WORK TO BE COMPLETED:
The reply is a verbatim copy of the listing below with its images dropped.
Segment Start: EXERCISE MATERIAL
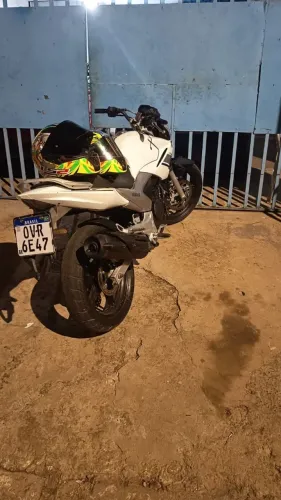 Vendo ou troco  Fazer 250 cc 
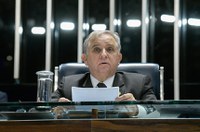 Avança PEC que permite acumulação de cargos por militares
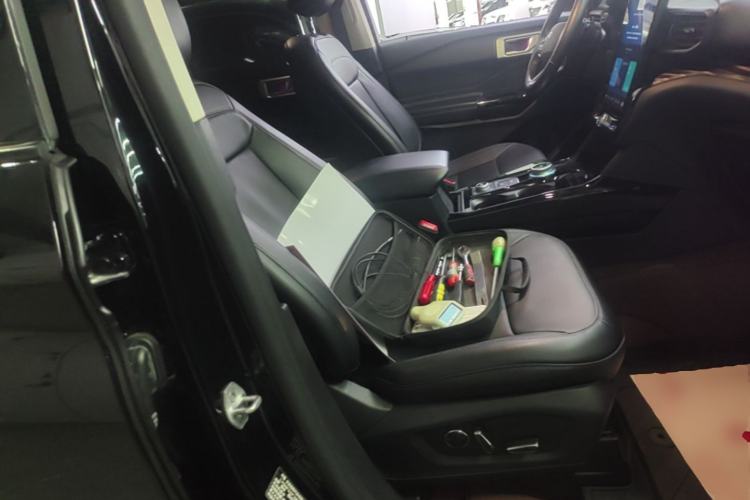 Used Ford Explorer 2020 EcoBoost 285 4x4 Titanium Edition 6 Seats Right Front Seat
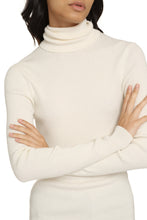 Load image into Gallery viewer, Wool turtleneck sweater
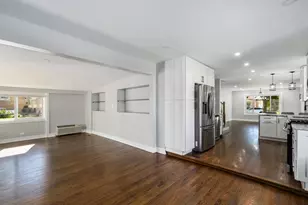 7225 N East Prairie Rd, Lincolnwood, IL 60712 - Photo 16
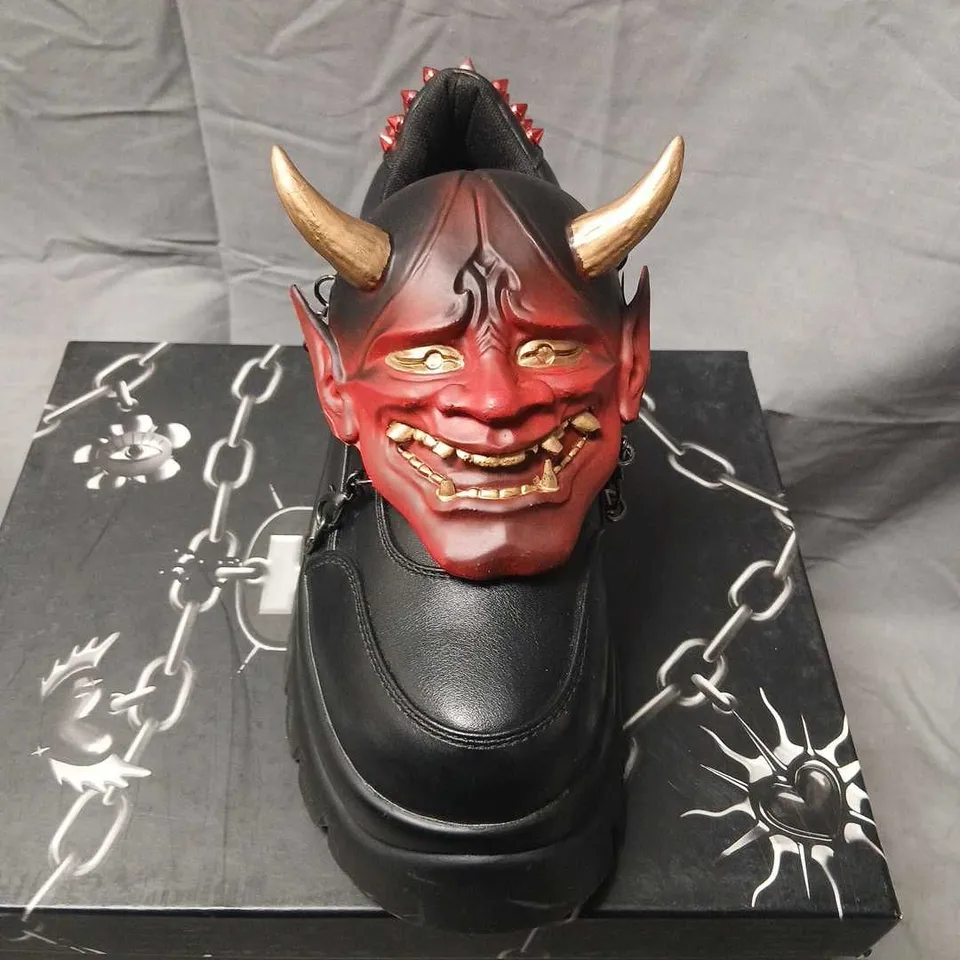 KOI SPAWN OF RAPTURE BLACK PLATFORM SHOES WITH HORNED DEMON MASK, UK 4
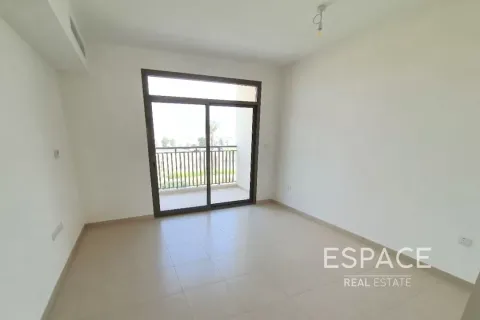 Купить таунхаус в Дубае: 3 спальни, 207м², № 61617 - фото 6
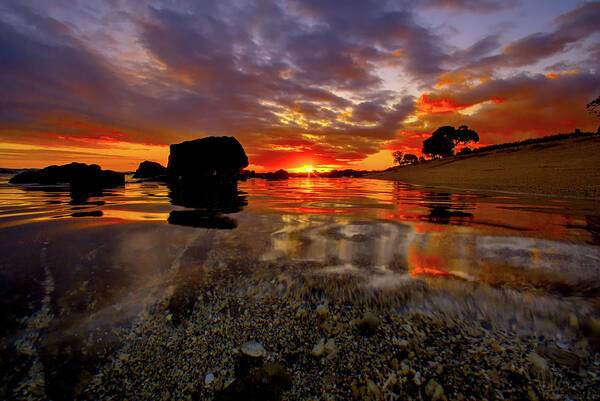 Hawaii Poster featuring the photograph Sunset in the Water by John Bauer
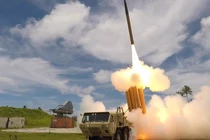 Mỹ đã sử dụng số lượng lớn tên lửa phòng không để hỗ trợ đồng minh Israel đánh chặn tên lửa và máy bay không người lái của Iran và các lực lượng thân Iran (Ảnh: WSJ)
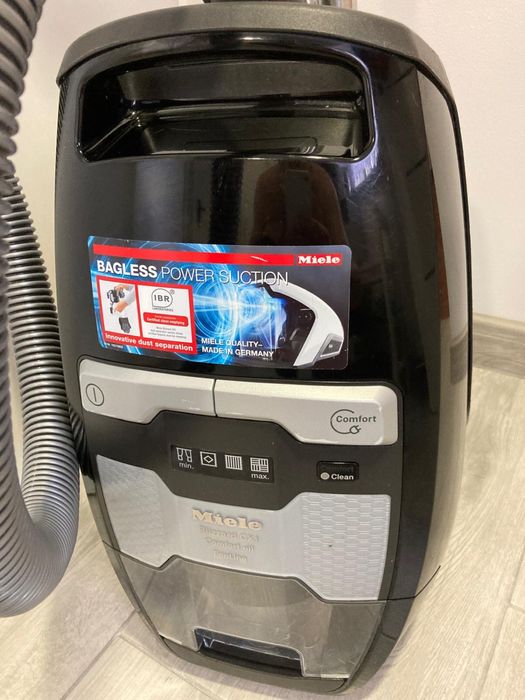 Odkurzacz Miele Blizard CX1 sterowie w rękijesci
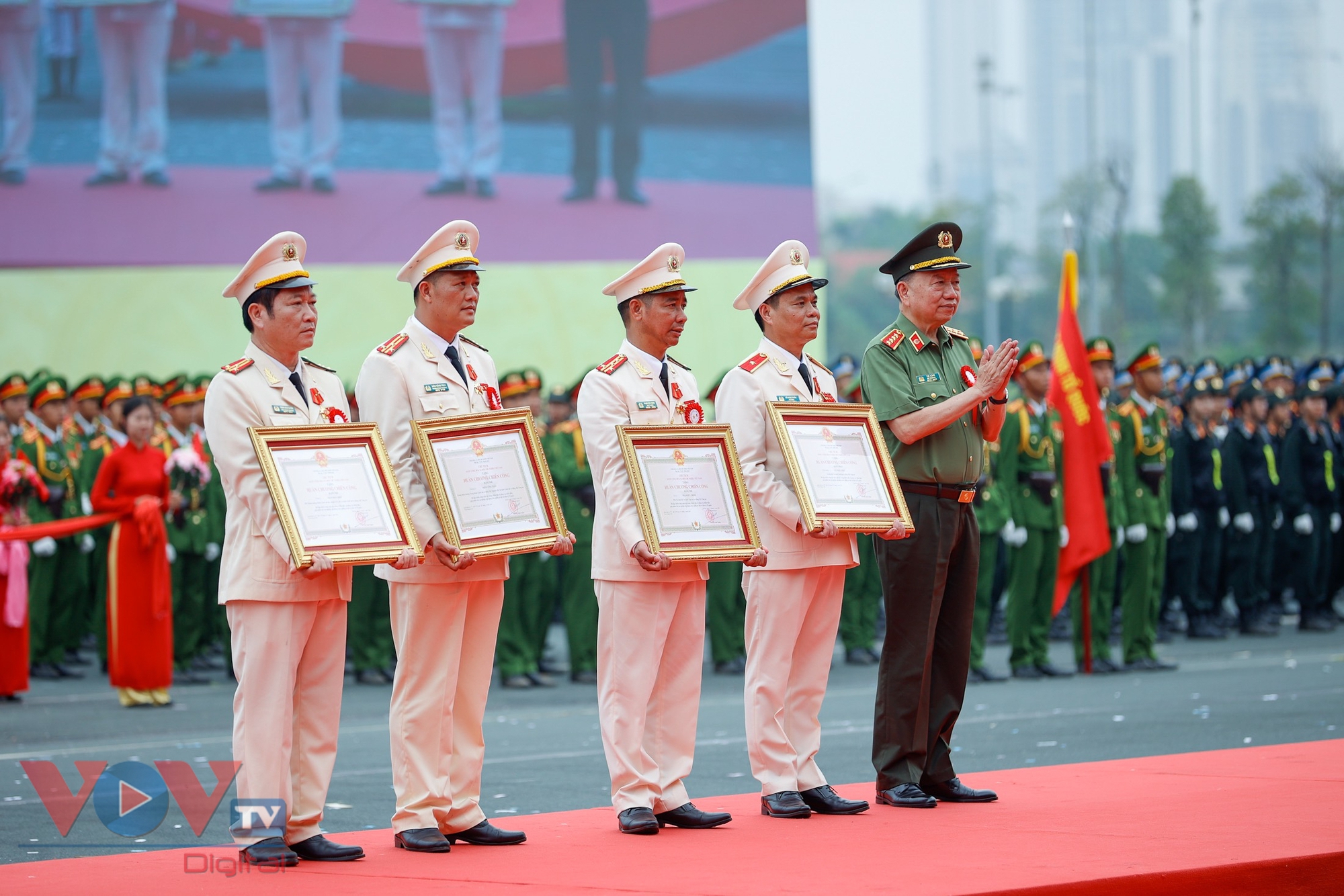 Thủ tướng Phạm Minh Chính dự lễ kỷ niệm 50 năm Ngày truyền thống lực lượng Cảnh sát Cơ động- Ảnh 2.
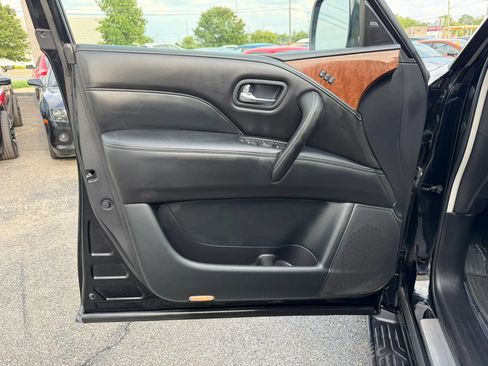 Used 2018 INFINITI QX80 4WD w/ Driver Assistance Package image 12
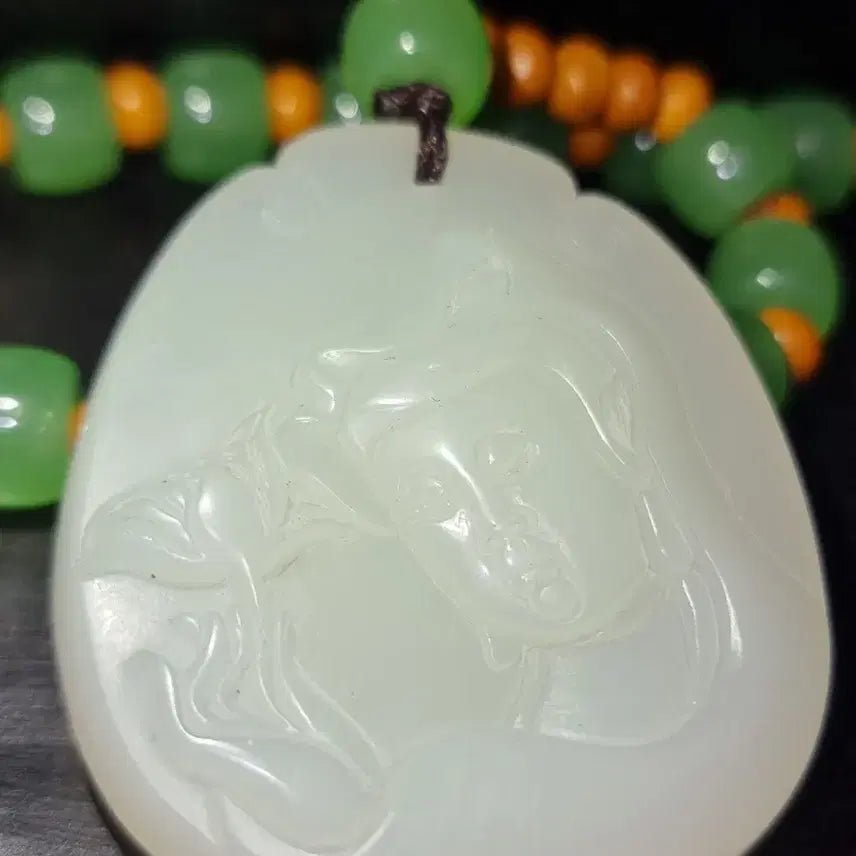 [BUNJANG] White Jade Buddha Statue Holding Lotus Flower / 연꽃을 든 부처님 백옥 불상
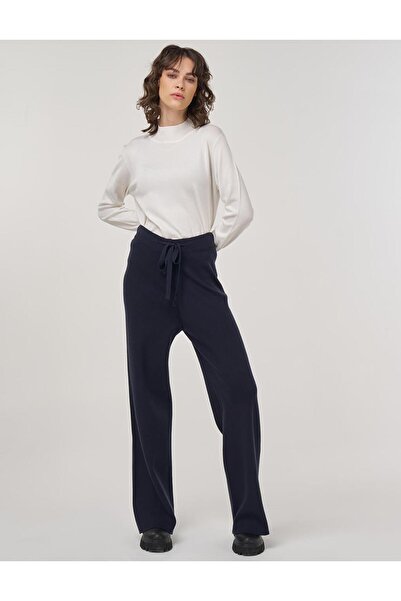 Kayra Παντελόνι από βισκόζη με λεπτομέρεια με κορδόνια σε μπλε ναυτικό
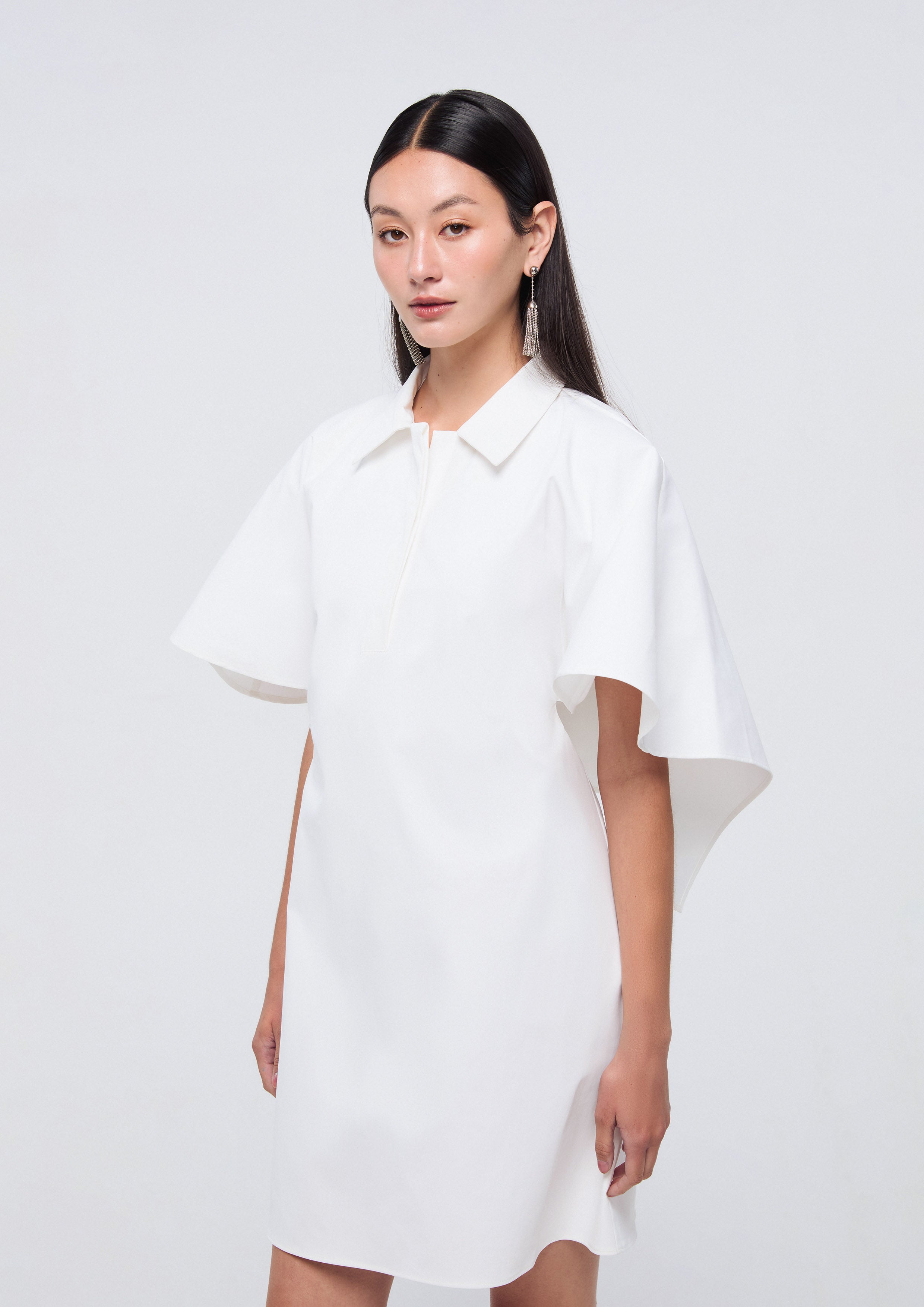 เดรสสั้นแขนเสื้อระบาย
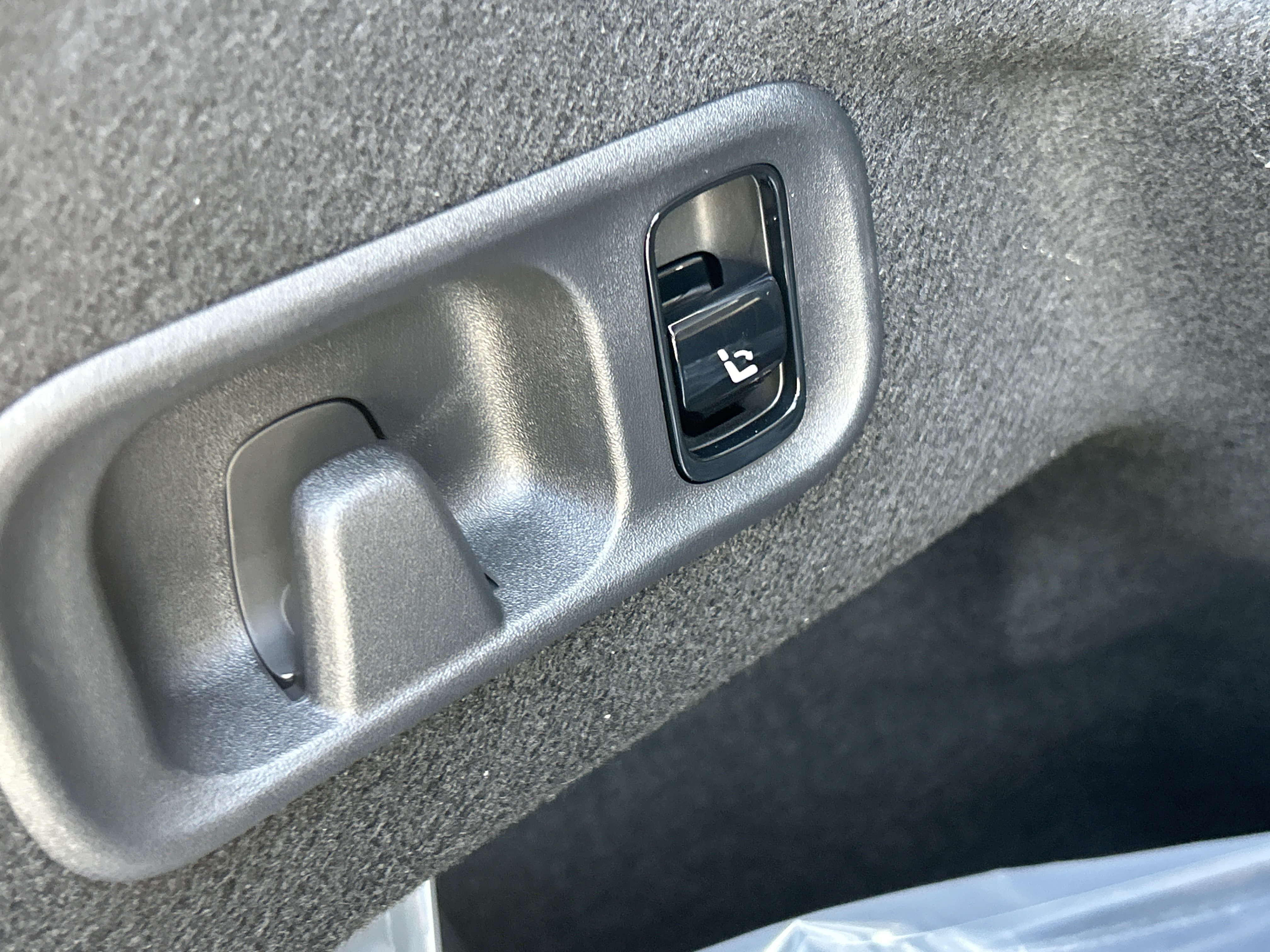 New 2026 MANUFAKTUR Moonlight White Metallic Mercedes-Benz C 300 Sedan image 10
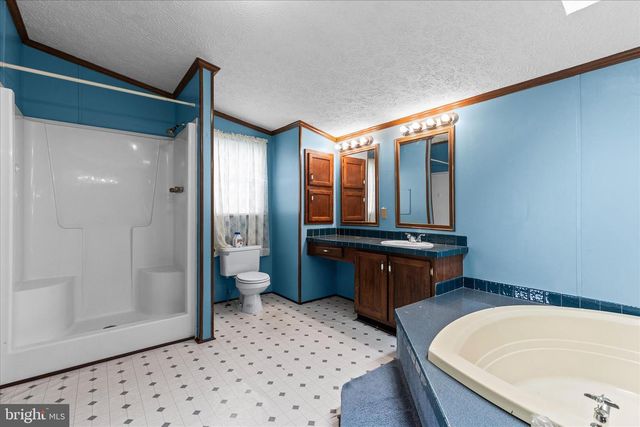 2632 TAMELA AVE, Dover, PA 17315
Segment End: EXERCISE MATERIAL
YOUR SOLUTION:
 Vendo ou troco  Fazer 250 cc 
 Avança PEC que permite acumulação de cargos por militares
 Used Ford Explorer 2020 EcoBoost 285 4x4 Titanium Edition 6 Seats Right Front Seat
 Load image into Gallery viewer, Wool turtleneck sweater
 7225 N East Prairie Rd, Lincolnwood, IL 60712 - Photo 16
 KOI SPAWN OF RAPTURE BLACK PLATFORM SHOES WITH HORNED DEMON MASK, UK 4
 Купить таунхаус в Дубае: 3 спальни, 207м², № 61617 - фото 6
 Hawaii Poster featuring the photograph Sunset in the Water by John Bauer
 Mỹ đã sử dụng số lượng lớn tên lửa phòng không để hỗ trợ đồng minh Israel đánh chặn tên lửa và máy bay không người lái của Iran và các lực lượng thân Iran (Ảnh: WSJ)
 Odkurzacz Miele Blizard CX1 sterowie w rękijesci
 Thủ tướng Phạm Minh Chính dự lễ kỷ niệm 50 năm Ngày truyền thống lực lượng Cảnh sát Cơ động- Ảnh 2.
 Used 2018 INFINITI QX80 4WD w/ Driver Assistance Package image 12
 [BUNJANG] White Jade Buddha Statue Holding Lotus Flower / 연꽃을 든 부처님 백옥 불상
 Kayra Παντελόνι από βισκόζη με λεπτομέρεια με κορδόνια σε μπλε ναυτικό
 เดรสสั้นแขนเสื้อระบาย
 New 2026 MANUFAKTUR Moonlight White Metallic Mercedes-Benz C 300 Sedan image 10
 2632 TAMELA AVE, Dover, PA 17315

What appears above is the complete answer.